Do any of you ever see things when you take care of patients? Or hear things?

Everyone has stories.

He seems to have a lot of stories, Honor said.

She was leaning forward now, searching for help.

He’s been through a lot, one of the nurses said.

Honor leaned forward more.

Do you know what? she asked them, scanning their faces. I mean, do you know what he’s been through?

They were quiet for a moment and then one of them said:

You look like you’ve seen something.

I have.

She sat there in her coat and scarf, looking at them. She had the distant benevolent gaze of an angel in a painting. But her skin was ashen and it looked like it had been stretched across her skull. Her hair was unwashed. Her hands were bones.

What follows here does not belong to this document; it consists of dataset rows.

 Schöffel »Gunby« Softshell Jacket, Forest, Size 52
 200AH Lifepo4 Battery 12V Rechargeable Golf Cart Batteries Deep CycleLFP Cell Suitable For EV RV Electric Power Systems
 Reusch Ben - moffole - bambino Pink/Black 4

Try not to let it frighten you.

Okay, she said.

You should get home and get some rest.

Okay.

One of them walked her back to the elevator and pressed the button. Honor looked at the oily smears of fingerprints on the metal plate around the buttons and thought that she might be sick. Inside while she was making the short descent, she had to sit down on the floor of the elevator so that she wouldn’t fall down.

CHAPTER FOUR

They met on the steps of the Museum of Natural History. Vivian had never been there and Joe was stunned when she told him because he knew that she had grown up in New York City. I like looking at art not at animals, she had said. He had told her that these animals were works of art, or interesting specimens anyway, and it was a good place to meet. He waited in the wind. He sat down on a step. He thought she might not come. He wouldn’t blame her for not coming. He shouldn’t be there himself. He should be studying in the library. People walked up and down the steps with intention and meaning. Children ran. It was late October and the sky was darkening over the park, quickly, like a bright face turning away to show only a head of falling tresses. The orange and yellow leaves on the trees were shadowed and what had looked golden in the sun now seemed thinner and more tissue-like, papery, not as real although actually more so. He had the newspaper with him but he didn’t read it. It stuck straight up out of his jacket pocket. He decided to stand. He stretched his legs. He walked to the top of the stairs. He gazed north.

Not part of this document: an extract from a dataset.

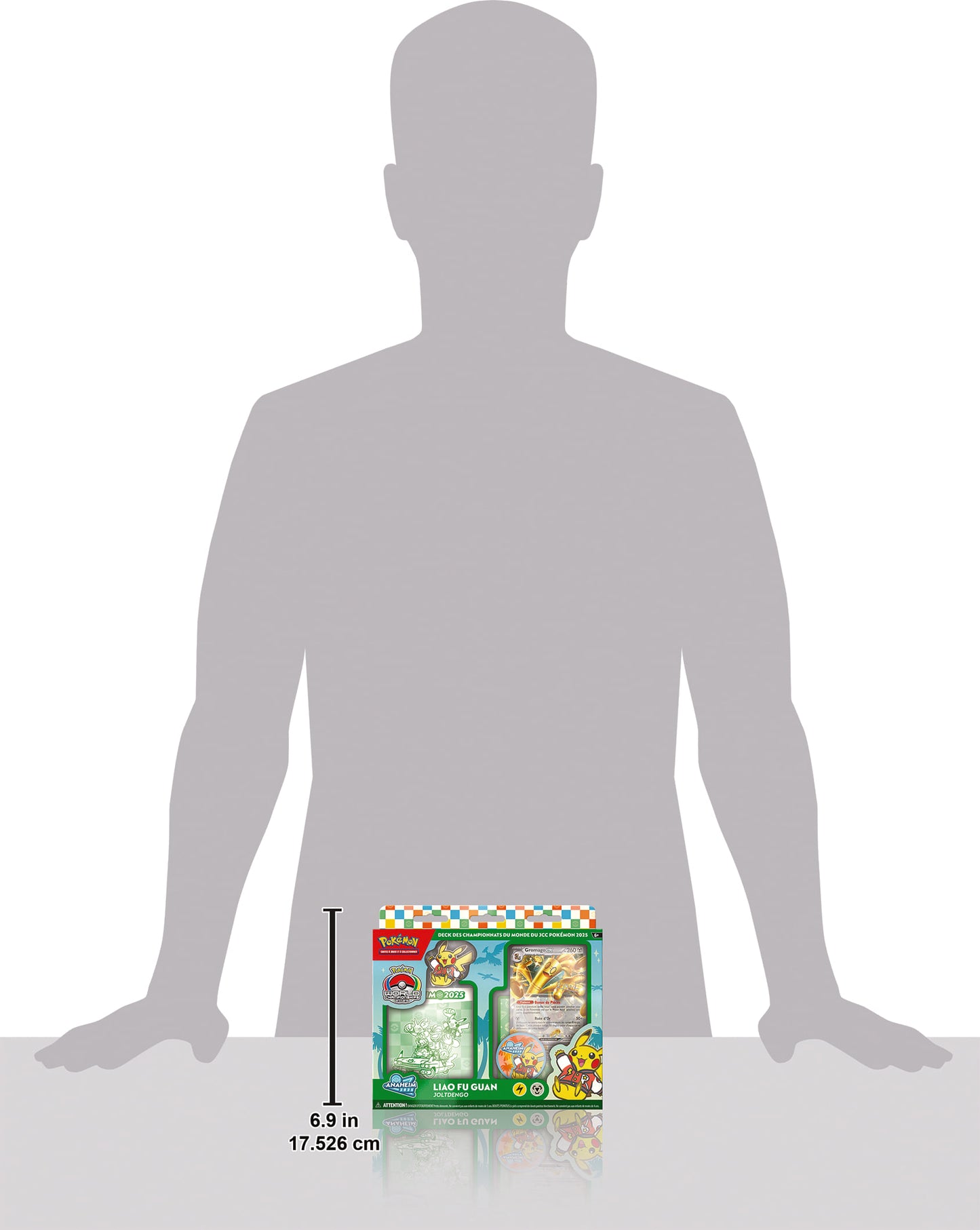 Pokémon JCC : Decks des Championnats du Monde 2025 - FR (1x deck aléatoire)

She surprised him from the other direction. She came up behind him and said his name. It sounded different when she said his name because now she knew him and he could hear it in her voice.

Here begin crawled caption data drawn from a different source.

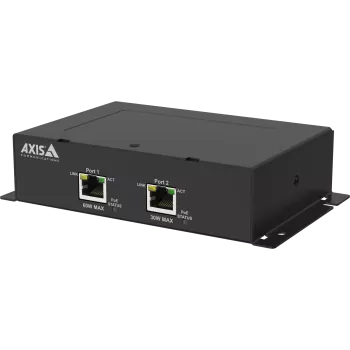 AXIS TU8010 2-port PoE Extender (02726-001)
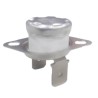 RS PRO Bi-Metallic Thermostat, Closes at 140°C, 180°C Max NC, Automatic Reset, 16A, Fixed Mount 222-8245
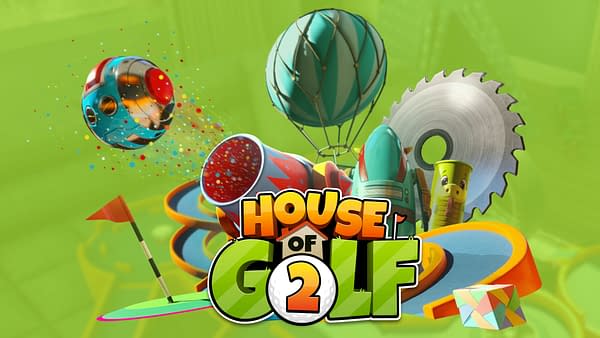 House Of Golf 2 Confirmed for Released In Late July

In the Akeley Hall of African Mammals, which had just recently opened, people stood rapt in front of the dioramas of bongos and mandrills and impalas. They peered into the meticulously reconstructed alternate worlds and seemed to be transported through space. They were still wearing their hats and gloves. Children pressed their hot faces against the glass and the guards kindly told them to step back but it was hard for the children to understand why they could not walk inside, in the wild. Joe identified with the children; he wished he could enter other worlds. Vivian stopped and dutifully admired the taxidermy and detail but she could not pretend that she felt anything. Joe looked at her while she looked at the rain forests and savannahs and he thought that it would be beautiful to see her in those locations under a real moon, a living sun. He could sense that she didn’t really care for any of it, but she was not unkind and said that he was right, it was interesting. They walked around and around the elephants.

I can picture you in any of these places, he said. India, Burma, Siam.

I’d love to go, she said. But I can’t say I feel like I’ve been there from coming here.

I can tell.

I’m sorry.

Don’t be sorry. I thought you would like it but I was wrong. I’m wrong about a lot of things.

He dug his hands into his pockets and looked down at the shiny marble floor.

Like what? she asked.

Hmm, he thought. He lifted his head and gazed up at the ceiling.